As long as you have posted my PUBLISHED letter to the editor, you might as well have THE REST OF THE STORY which I sent out today. Since I've already had my say for this month, and since they don't like printing criticism of themselves, this won't get into the TRIB, but people who like to argue on your web site might get something out of it. Use it or not... . . .
Blessings of peace,

Bev.

----- Original Message -----
From: MOYLANS
To: letters@thetribunenews.com
Sent: Wednesday, May 10, 2006 7:27 AM
Subject: correction

Thank you for printing my letter regarding dissolution of the Los Osos CSD in its entirety in the Tuesday issue. After my careful effort to hone it to 200 words, it was somewhat surprising to read the first sentence, which you edited by adding two letters to its length. "Town Meeting was," in your hands became, "town meetings were." While I am aware that few people outside New England would have any understanding of Town Meeting as an institution, it might have been instructive to trust that your readers would understand the term in context. Like anywhere else in the USA, meetings are held year round in my hometown. They are not, however, town meetings. They are Board of Selectmen (a term which has survived since colonial times) meetings, which citizens attend in the same way as they attend city council or CSD meetings in this county.
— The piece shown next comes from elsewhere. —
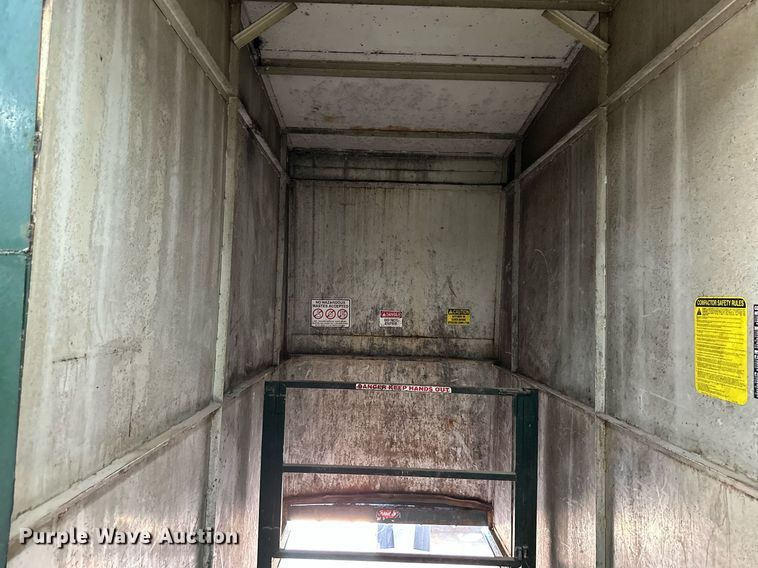 image for item DV1038 2002 Mcclain Ezpack M2  compactor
Town Meeting is a specific process, described in my previous letter to you, which happens every spring in those New England towns where it has survived. In my home town of Canton, Massachusetts, Town Meeting occurred in March when I was growing up. It is a proper noun, such as, "Are you going to Town Meeting?" or "Town Meeting begins at 7 PM."

Rather than changing my words to suit your paradigm, it might have been prudent to discover whether the specific phrasing used had merit and meaning. Though probably borne from innocent provincialism, it is insulting to be treated like an ignorant bumpkin by your presumption that I meant something I did not. Judging from the Trib's coverage of the RWQCB CDO prosecution hearings, however, it is not surprising. Your paradigm regarding citizens of Los Osos would not allow you to see it any other way.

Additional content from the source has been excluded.